Comparto con vosotros un pequeño relato a razón del concurso literario de Zenda donde las heroínas son las protagonistas.
Vítores y gritos de alarma recorrían las calles sin descanso ni tregua. Hombres y mujeres quedaban dispuestos bajos las órdenes de quienes el mando tomaban en desesperada actitud ante el ejército que les sitiaba. Habían oído hablar de él, de sus hombres uniformados, de aquellos soldados imperiales que habían sido instruidos para arrebatar la vida y las tierras de aquellos infelices que habían tenido la torpeza de ofrecerles asilo.
Decían que en la capital los ciudadanos habían salido sin miedos ni temores a luchar con cuanto tuvieran en sus hogares, daba igual trabucos que puñales, fusiles que espadas, pantalones que faldas.

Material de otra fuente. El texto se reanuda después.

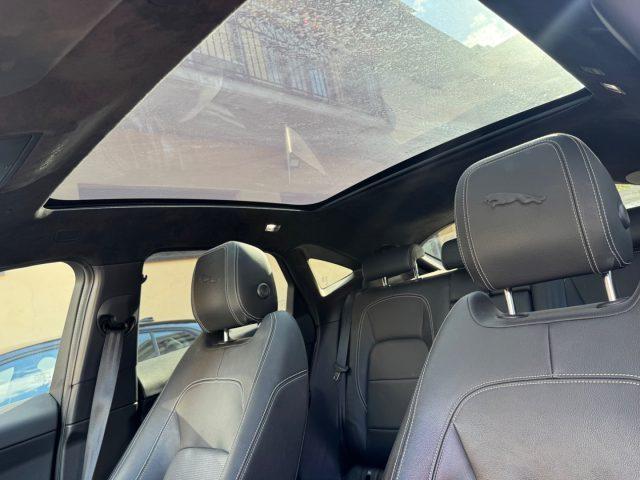 JAGUAR E-Pace 2.0D I4 163 CV AWD Auto R-Dynamic S TETTO PANORAMI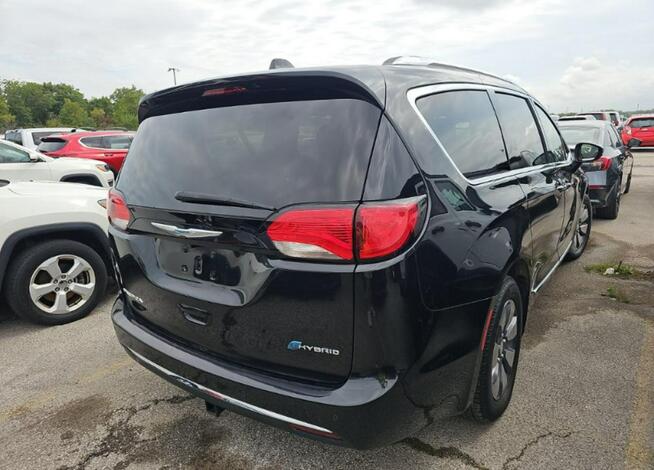 Chrysler Pacifica LIMITED / Hybryda / niski przebieg Warszawa - zdjęcie 3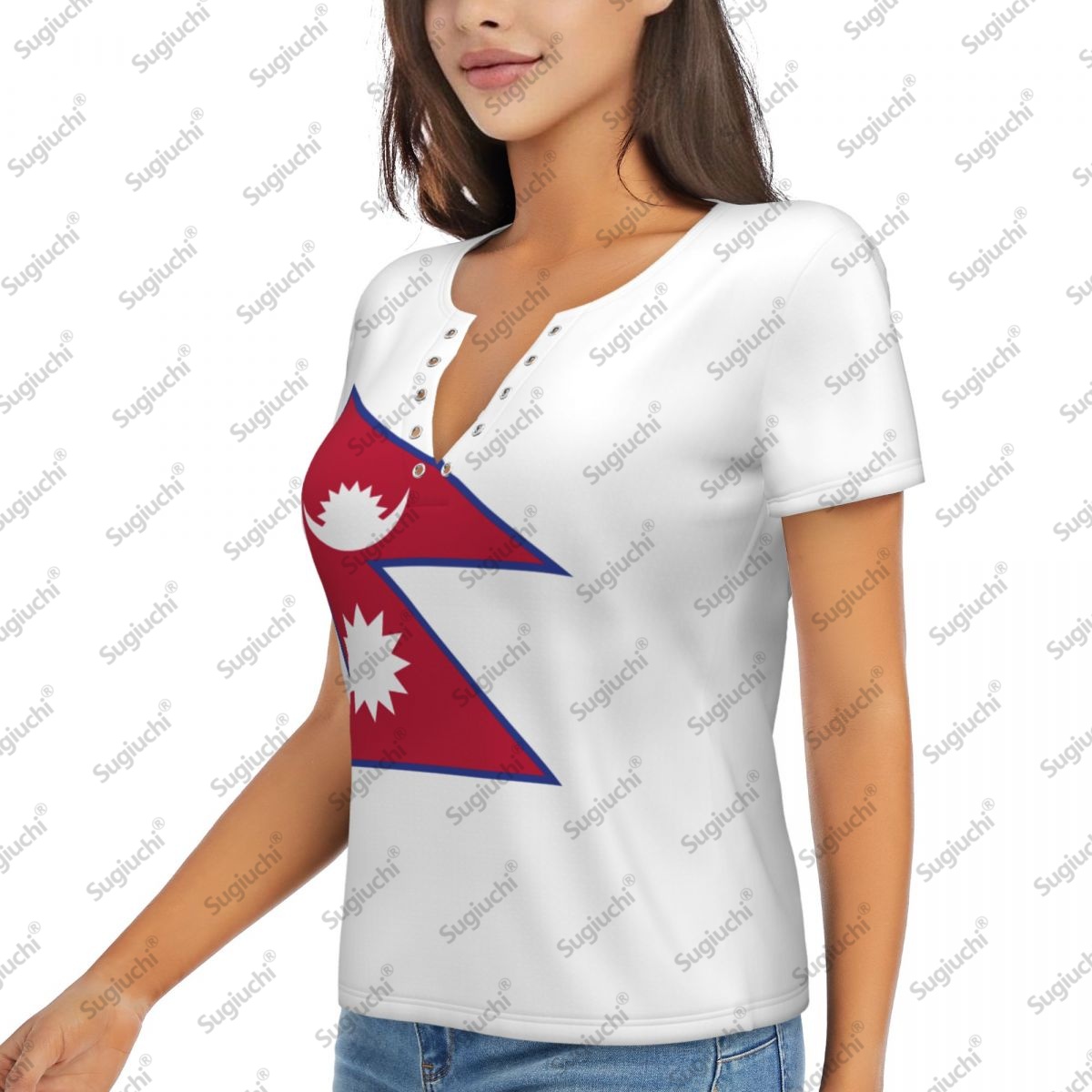 2025 Nepal Vlag Sexy Diepe V-h - Women Accessories Nepal recensie en prijs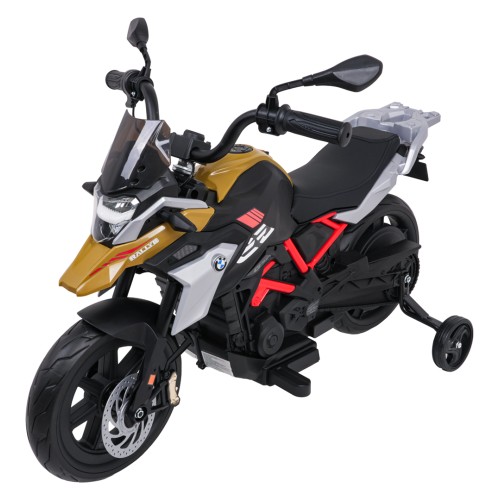 Vehicle Motor BMW G310GS Champagne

Decían que habían caído centenares de franceses que en formación avanzaban hacia locales y fuertes, no importaba que fueran infantes, caballeros o artillería, que fueran soldados, oficiales o gallardías. La orden estaba dada y los imperiales así avanzaban.
Decían que en las aguas de los abrevaderos se formaban ondas al paso orquestado y certero de aquellas tropas francesas que de su uniforme hacían ostentación. Y, según narraban algunos, no era el derecho lo que movía aquel ejército, sino el deber de ver fuerte a su nación.
En aquellas vicisitudes se encontraban cuando de las murallas un aviso constante hizo presencia, ya estaban aquellos gabachos cerca. Comenzaron los ataques, las luchas, los fuegos y escaramuzas. La misión estaba clara, todo dependía de las murallas. Aquellas eran su escudo, su vida, su adarga.
Observó entonces María que el tiempo apremiaba, que las mujeres ofrecían poco o nada, que los hombres hasta la última gota de su sangre luchaban. Los franceses avanzaban, sin tregua, aquella era su estrategia. Un enorme regimiento de innumerables soldados instruidos y curtidos en batallas tales como lo fueron soldados españoles en las tierras de Flandes. Mas hubo quien dijo en una ocasión que somos tan valientes los españoles que, hasta sus mujeres saben pelear.
La munición comenzaba a escasear, los hombres empezaban a flaquear, el ánimo iniciaba su decadencia en el afán por luchar. Así fue, como María, una de aquellas mujeres que con sus manos intentaban ayudar, gritó a quien la quisiera escuchar:
—Señoras, ha llegado así nuestra hora. Ayúdenme a encontrar hierros y forjas de los que poder extraer metrallas y otros usos para nuestras murallas defender.
Sucedió que las mujeres y algunos hombres, arrancaron de las viviendas las barras y barrotes que las ventanas protegieran, arrebataron a los carros sus ruedas y de ellos consiguieron los hierros que necesitaban. Aquellas señoras que de alta cuna se consideraban, hicieron aquello que mejor se les daba. Cosieron. Cosieron sin descanso para crear sacas en las que ingresar los restos y fragmentos de las forjas destrozadas para guarnicionar las piezas de una artillería que ya escaseaba.
La noche fue dura, la jornada intensa; pero la victoria anhelada fue, al fin, algo más que una presencia. Los franceses retrocedieron, dejaron tranquila la plaza y, la capital levantina, entre vítores y gritos de alegría despertaba.